Data entries:
^^^^
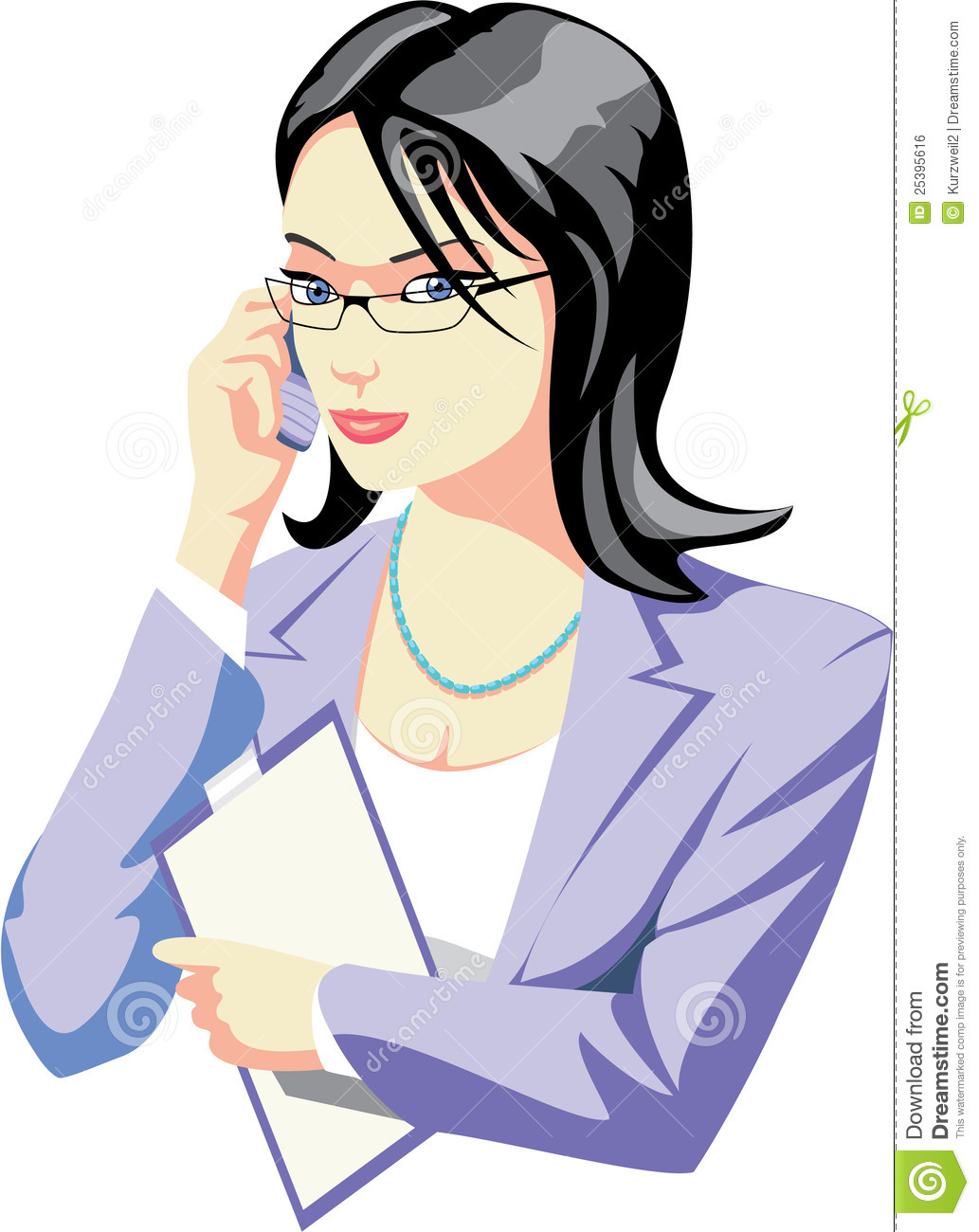 businesswoman clipart female supervisor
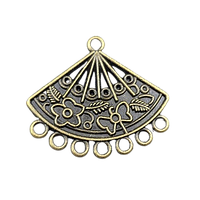Конектор Finding Підвіска кулон віяло Антична бронза 25 мм х 28 мм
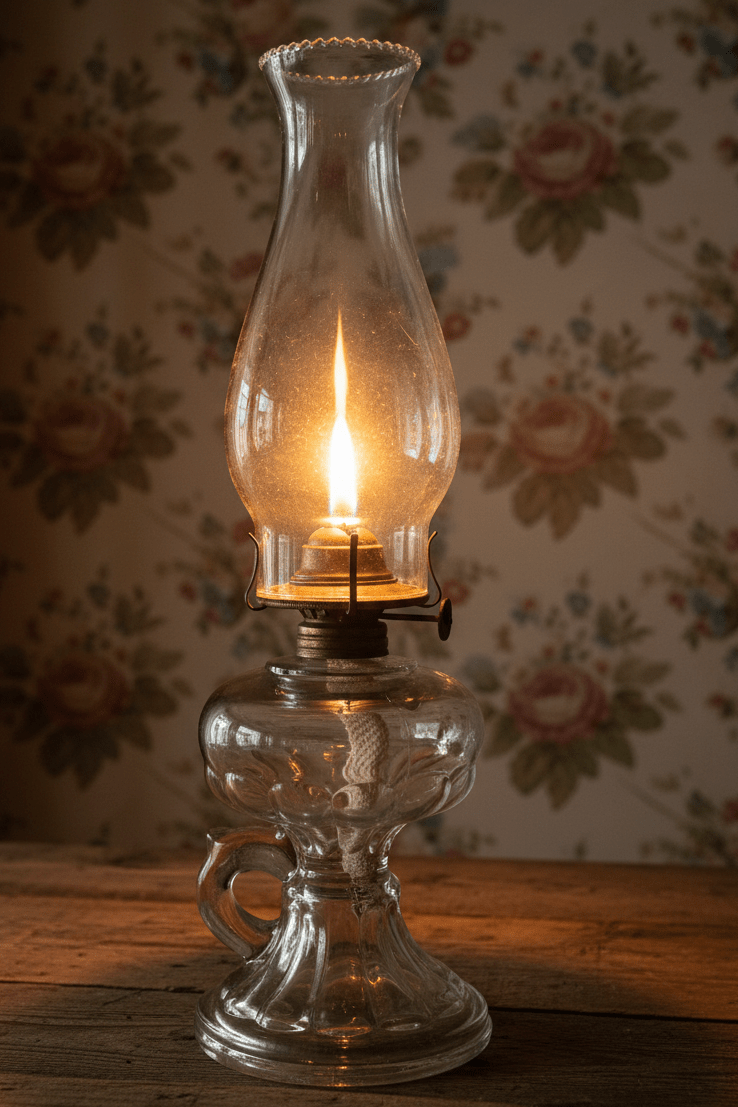 Antique "Late Petal" Kerosene or Oil Lamp with Chimney and Burner Thuro Bk 1, p. 318 - AntiquesEtceteraAntique "Late Petal" Kerosene or Oil Lamp with Chimney and Burner Thuro Bk 1, p. 318Antique LightingAntiquesEtceteraAntiquesEtcetera
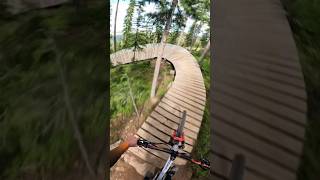 High Consequence Downhill MTB Trail 😵 [upl. by Alberta]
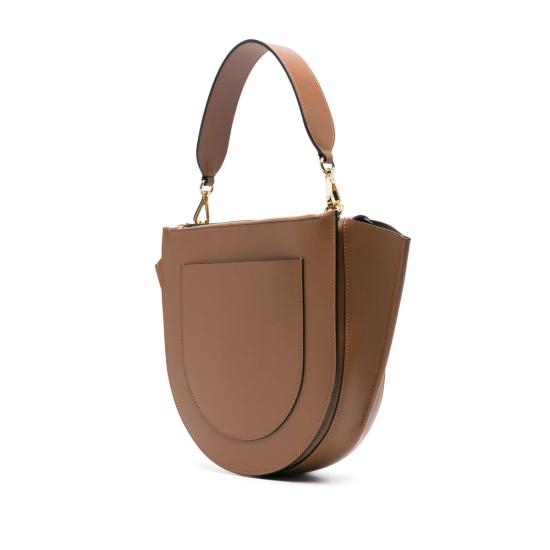 26SS 반들러 숄더백 HORTENSIA BAG MEDIUM SADDL BROWN - WANDLER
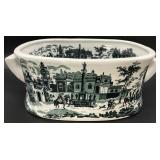 Victorian Style Black White Footbath / Planter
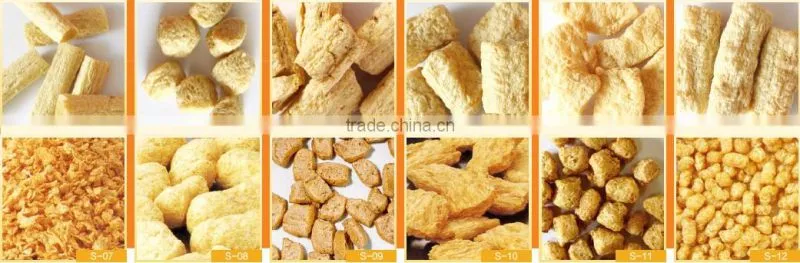 High quality Textured soya bean chunks processing machine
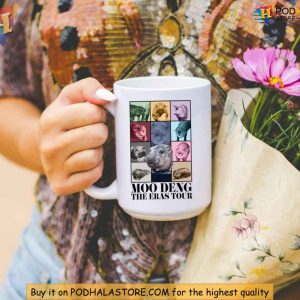 Moo Deng Mug Gift for Animal Fans, Meme Inspired Eras Tour Coffee Mug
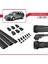 Audi A6 Allroad (C5) 1999-2005 Arası ile Uyumlu Ace-1 Ara Atkı Tavan Barı Siyah 3 Adet Bar 5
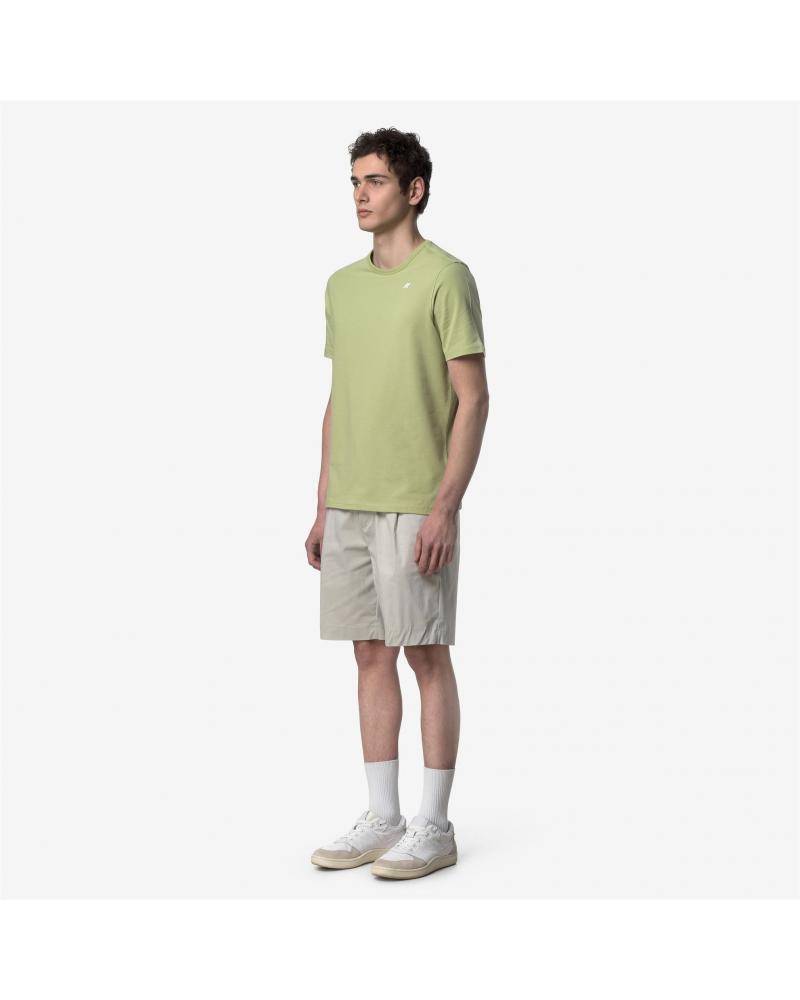 T-SHIRT K-WAY ADAME LIGHT STRETCH JERSEY GREEN LIME VERT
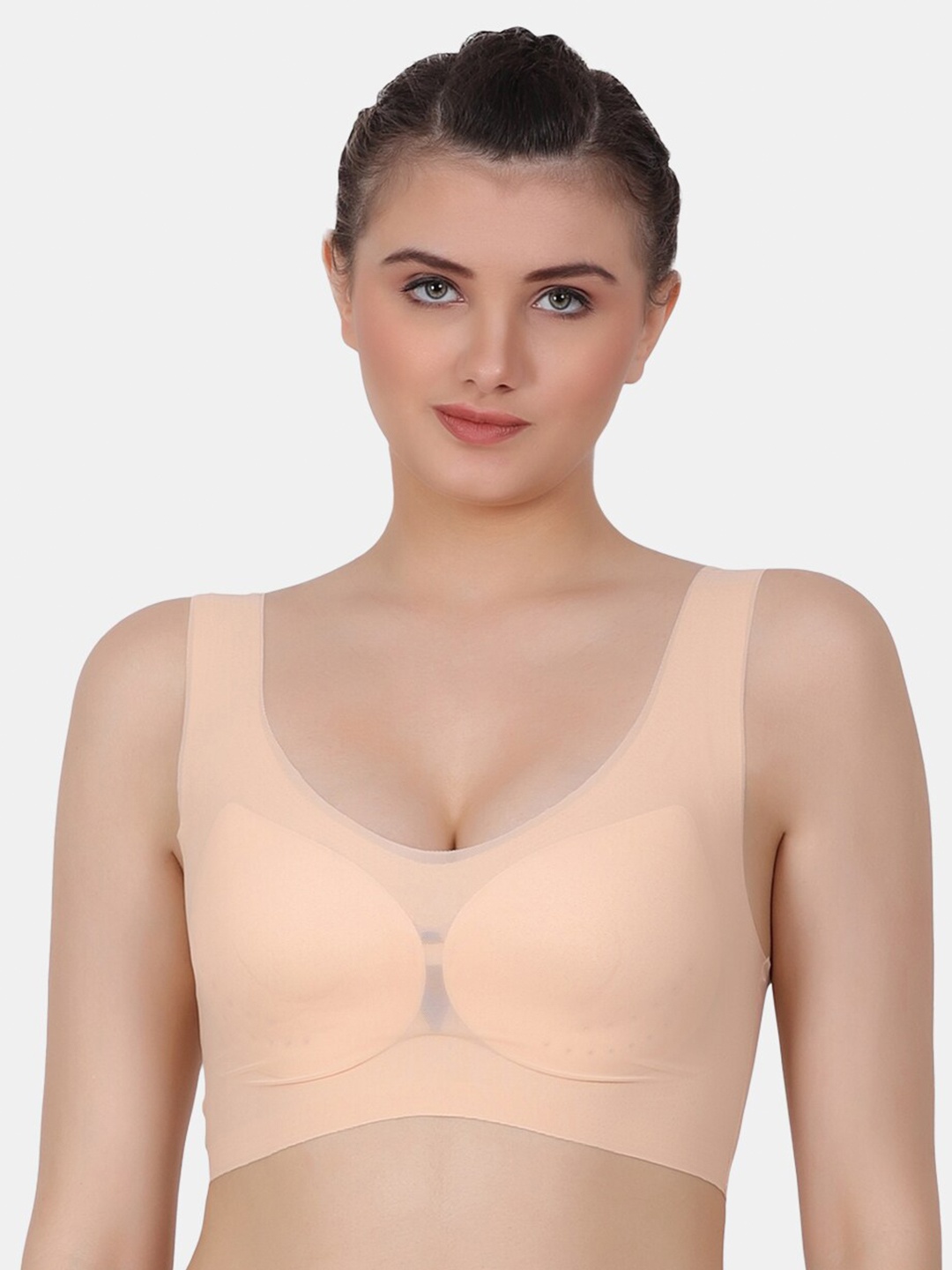 

Amour Secret Full Coverage Lightly Padded Bra With All Day Comfort, Beige
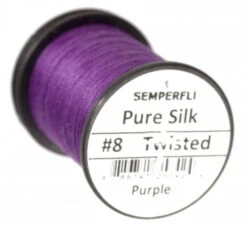Semperfli Pure Silk Thread 18 Semperfli Pure Silk Thread -Aanbevolen Winkels Voor Visuitrusting Semperfli Pure Silk Thread PURESILK X silk purple no8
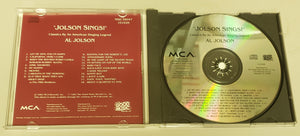 1982 Al Jolson Jolson Sings! Classics By An American Singing Legend CD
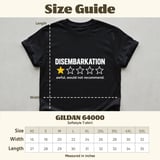 Disembarkation 1-Star Review T-Shirt thumbnail 7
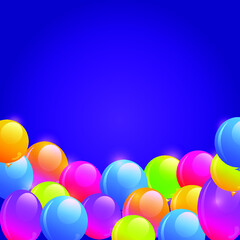 Bright Balloon Frame Background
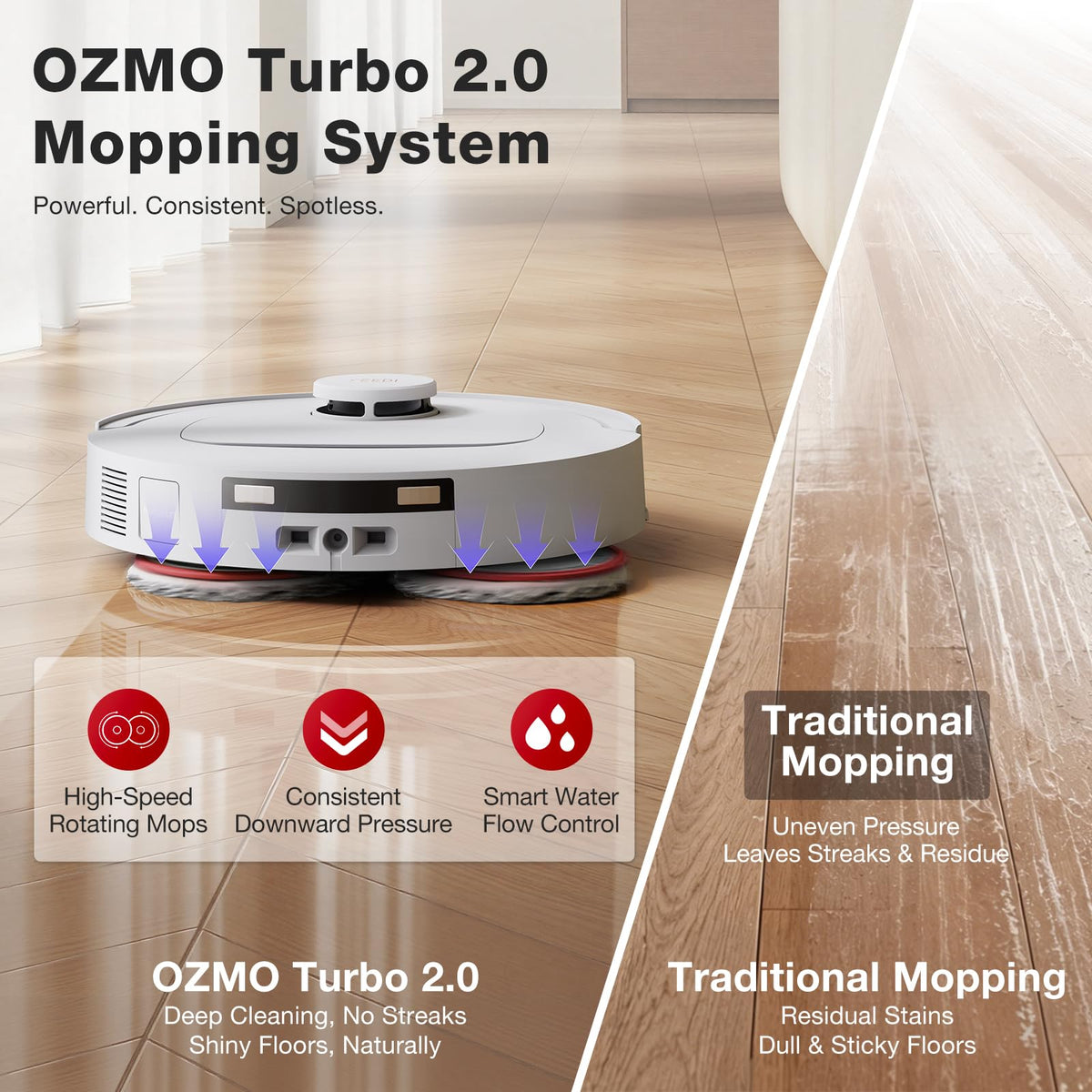 Yeedi by ECOVACS M12 PRO Gen2 Robot Vacuum and Mop, 25000Pa Suction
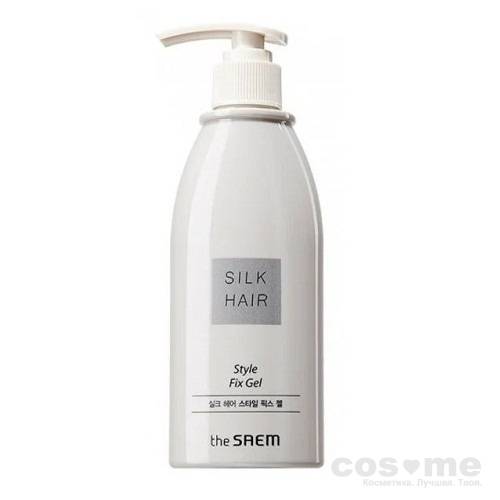 Гель-воск для волос The Saem Silk Hair Style Fix Gel Увлажняющий гель для укладки волос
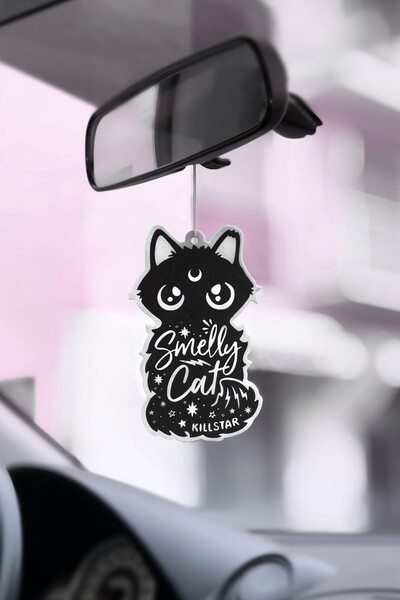 Smelly Cat Air Freshener [B] - One Size / Black / 100% paper
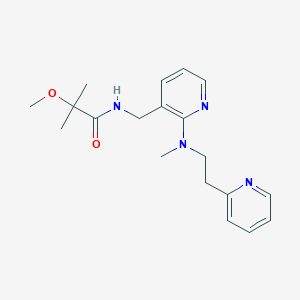 2-methoxy-2-methyl-N-({2-[methyl(2-pyridin-2-ylethyl)amino]pyridin-3-yl}methyl)propanamide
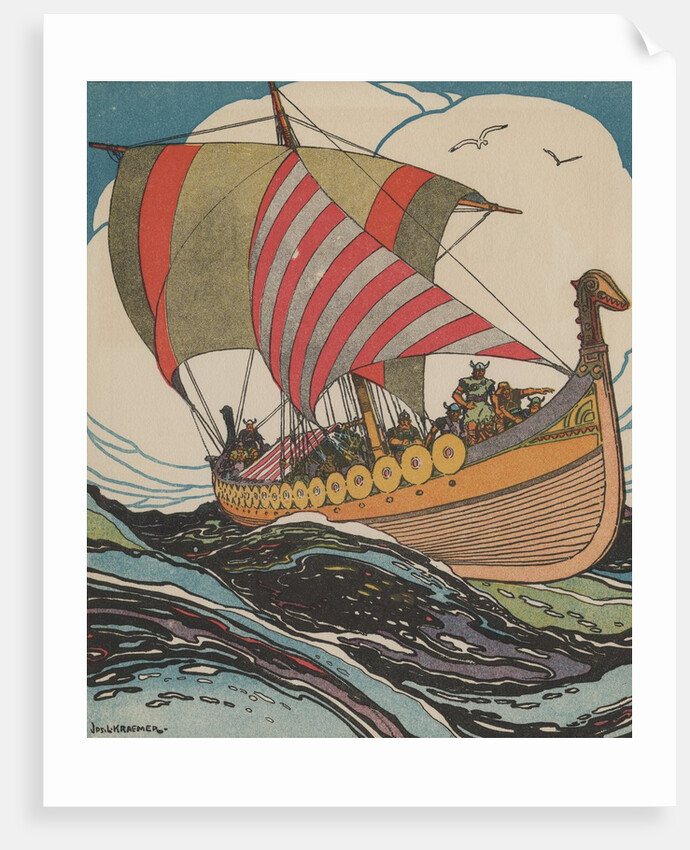 Leif Erickson at sea by Anonymous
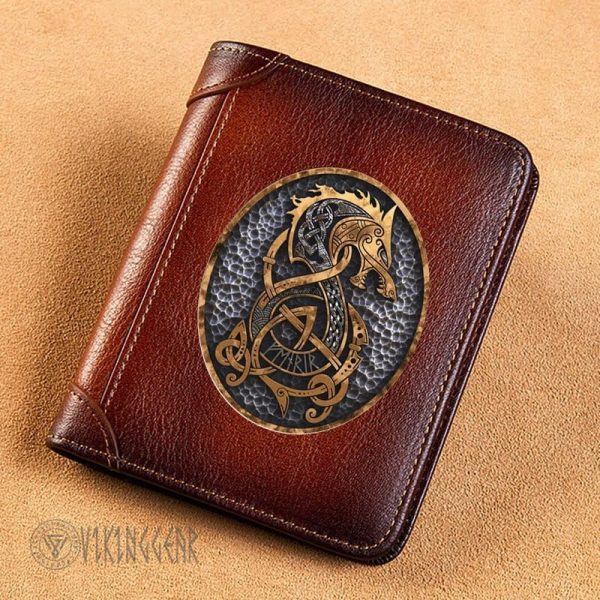 Leather Men Wallets Viking - Fenrir Leather Wallet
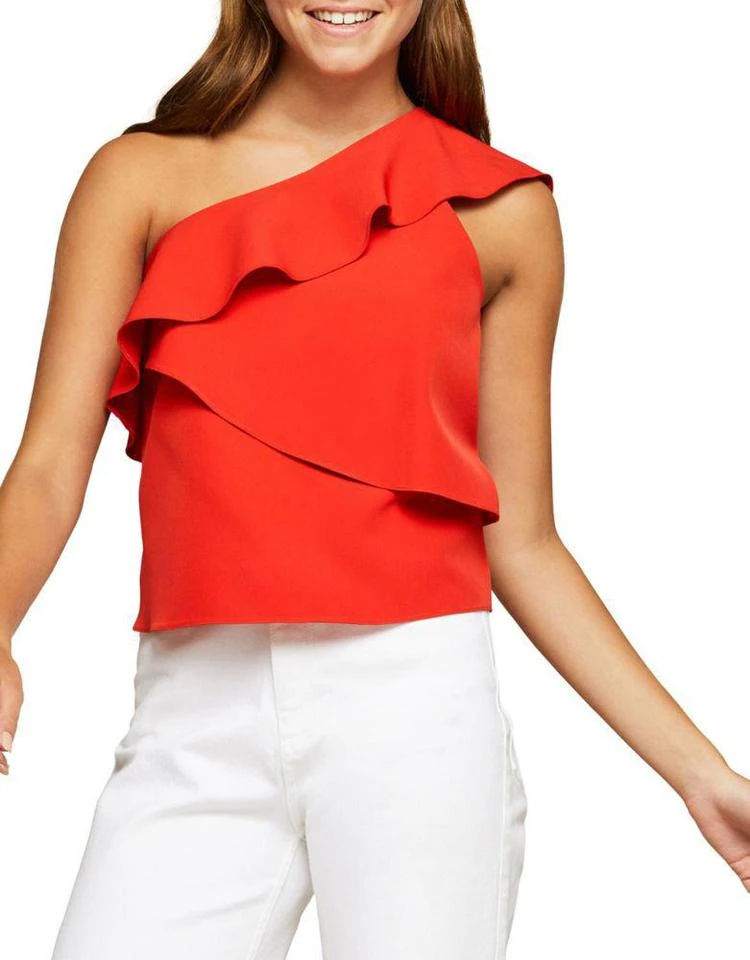 商品Miss Selfridge|Ruffle One-Shoulder Top,价格¥248,第2张图片详细描述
^^^^
ASSIGNED TASK. Reproduce verbatim every line starting at the line that holds "Smelly Cat Air" and ending with the final line of the data; omit the pictures.

SOLUTION TO THIS TASK.
 Smelly Cat Air Freshener [B] - One Size / Black / 100% paper
 2-methoxy-2-methyl-N-({2-[methyl(2-pyridin-2-ylethyl)amino]pyridin-3-yl}methyl)propanamide
 Leif Erickson at sea by Anonymous
 Leather Men Wallets Viking - Fenrir Leather Wallet
 商品Miss Selfridge|Ruffle One-Shoulder Top,价格¥248,第2张图片详细描述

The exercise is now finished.